Human Exceptionalism

Dogs Prove Human Exceptionalism

Everyone knows that dogs did not evolve, they were (and are still, technically) wolves that were intelligently designed by us.

The tight bond between humans and our best friends, and more particularly their exposure to our love and our genetic and behavioral manipulation has created special traits not often seen in the natural world. From the story:

Dogs are becoming more intelligent and are even learning morals from human contact, scientists claim. They say the fact that dogs’ play rarely escalates into a fight shows the animals abide by social rules…

Dr Peter Pongracz from Eotvos Lorand University, Budapest, and colleagues have produced evidence dog barks contain information that people can understand. They found even people who have never owned a dog can recognise the emotional ‘meaning’ of barks produced in various situations, such as when playing, left alone and confronted by a stranger.

His team has now developed a computer program that can aggregate hundreds of barks recorded in various settings and boil them down to their basic acoustic ingredients. They found each of the different types of bark has distinct patterns of frequency, tonality and pulsing, and that an artificial neural network can use these features to correctly identify a bark it has never encountered before.

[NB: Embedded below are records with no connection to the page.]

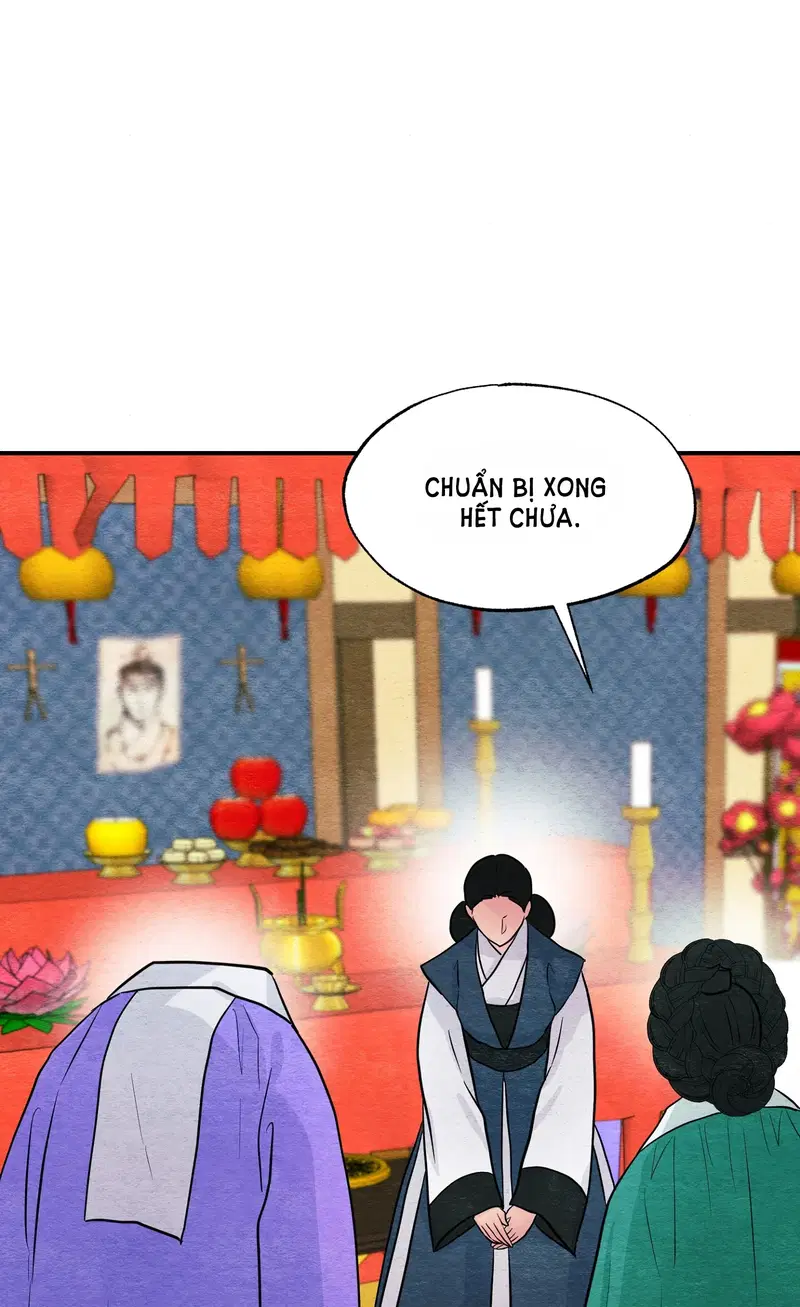 Cuồng Nhãn - Chapter 72.1 trang 29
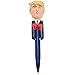 Produktbild Fatalom Trump Sprechender Kugelschreiber, Donald Trump Boxstift, Stressabbau, Spielzeug Trumps, echte Stimme, lustiges Spielzeug, Sprechender Kugelschreiber, für Streiche, Weihnachtsgeschenk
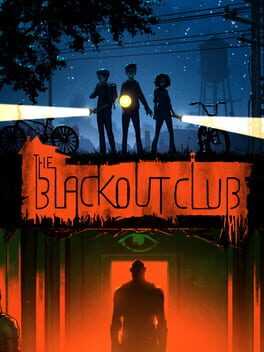 The Blackout Club Box Art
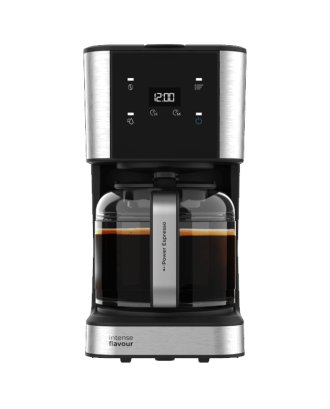 MÁQUINA DE CAFÉ FILTRO CECOTEC - COFFEE 66 DROP & TOUCH
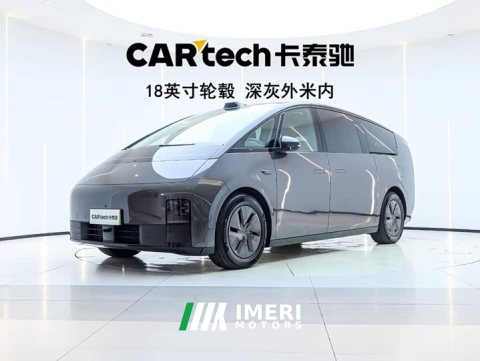 2024 Li Auto MEGA Ultra - ავტომობილი ჩინეთიდან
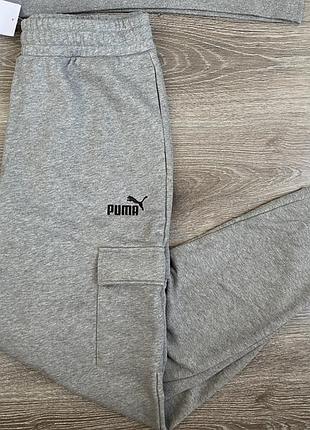 Puma cargo оригинал новые спортивные штаны брюки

This is further evidence that barking conveys information about a dog’s mental state, reports New Scientist magazine. They also discovered people can correctly identify aggregated barks as conveying happiness, loneliness or aggression.

‘Even children from the age of six who have never had a dog recognise these patterns,’ says Dr Pongracz.Dogs are not just able to ‘speak’ to us–they can also understand some aspects of human communication.

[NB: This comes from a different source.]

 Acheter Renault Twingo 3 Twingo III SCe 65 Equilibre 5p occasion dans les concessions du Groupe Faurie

Still, we shouldn’t make too much out of this:

Dr Alexandra Horowitz from Barnard College in New York prefers the term “theory of behaviour” to describe dogs’ apparent insight. She said: ‘I think there is a massive territory between a theory of mind and a theory of behaviour.’ Her own recent study illustrates the point–when dogs play together, they use appropriate signals for grabbing attention or signalling the desire to play depending on their playmate’s apparent level of attention, such as whether it is facing them or side-on.

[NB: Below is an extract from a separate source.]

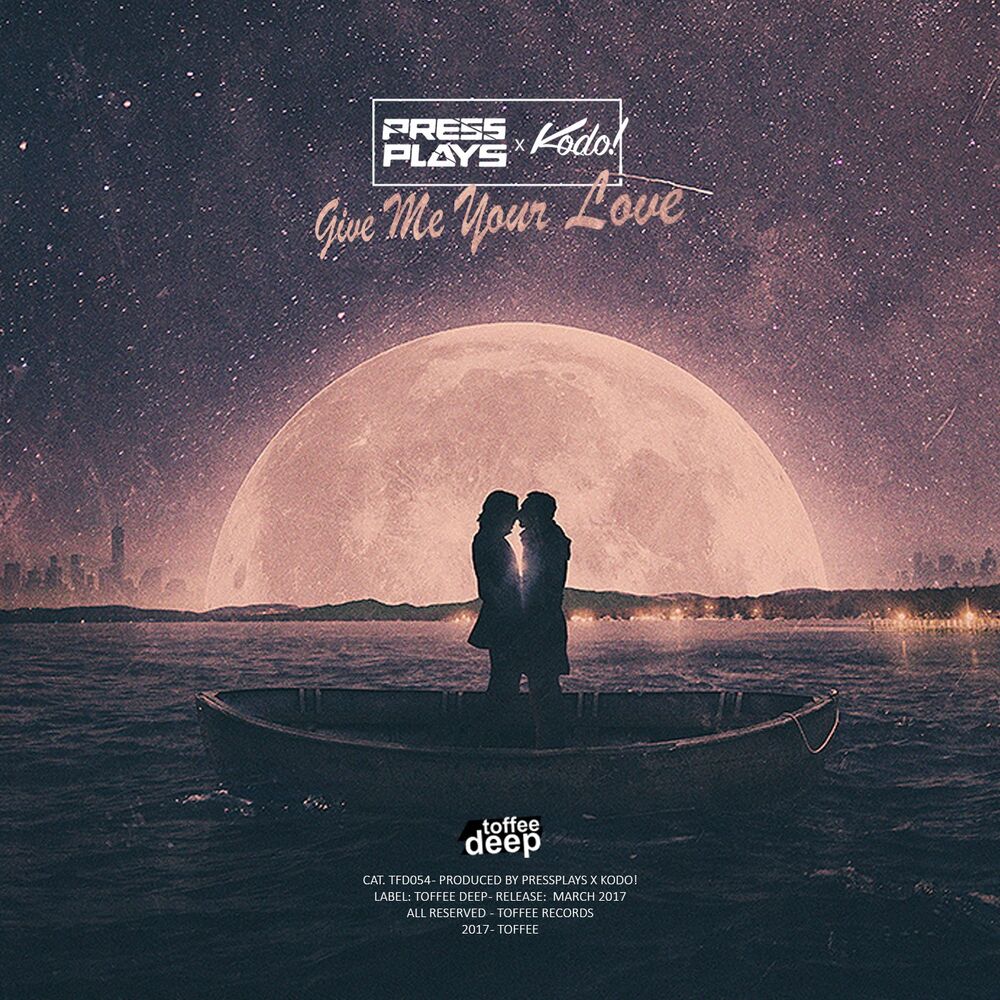 Picture of Give Me Your Love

That could be interpreted as mind reading, she admits, but a simpler explanation is that dogs are reading body language and reacting in stereotyped ways.

This much is clear: It took the exceptional species–us–to change what were only 10,000 years ago gray wolves and intentionally transform them into the multitudinous breeds of dogs that are not only noble–and at times delightfully goofy–but also protectors, wonderful companions, and the givers and receivers of tremendous love and joy.